What applications are FBXL17 antibodies most suitable for in research settings?

FBXL17 antibodies have been validated and proven effective for several key research applications, making them versatile tools for investigating this protein's function and interactions:

Western Blotting (WB) represents a primary application where FBXL17 antibodies demonstrate strong utility. This technique allows researchers to detect and quantify FBXL17 expression in cell or tissue lysates, enabling studies of expression changes under different experimental conditions. The rabbit polyclonal antibodies available commercially have been specifically validated for this application with human samples .
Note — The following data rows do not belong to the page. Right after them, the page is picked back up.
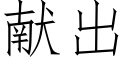 献出 (仿宋矢量字库)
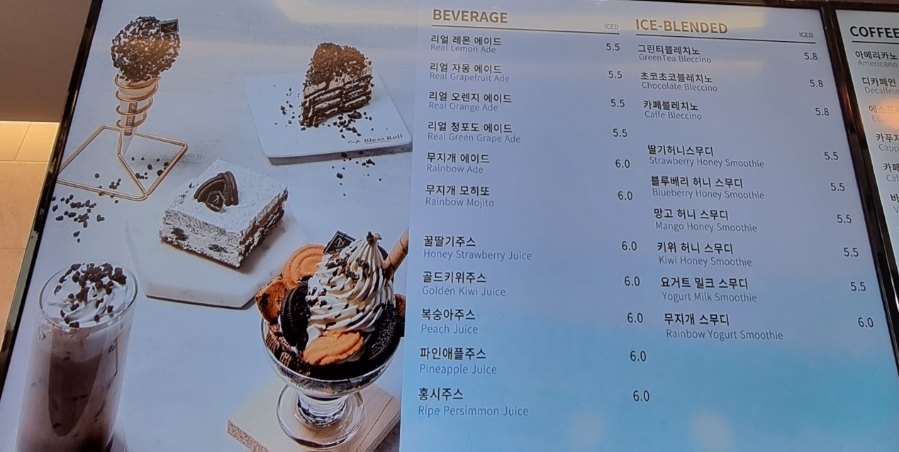 카페 블레스롤 강남논현점 이미지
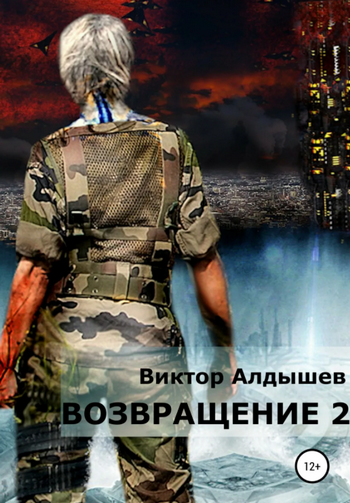 Возвращение-2 - Виктор Алдышев (книга 2)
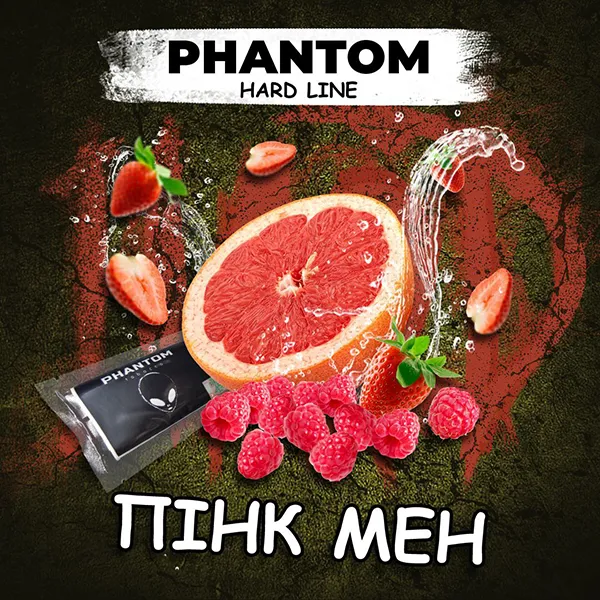 Замовити тютюн Phantom Hard 50g. Pinkburst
Immunohistochemistry on paraffin-embedded sections (IHC-P) offers another valuable application. This technique facilitates visualization of FBXL17 expression patterns in tissue sections, which can be particularly informative when comparing normal versus diseased states. The spatial distribution information obtained through IHC-P complements the quantitative data from Western blotting .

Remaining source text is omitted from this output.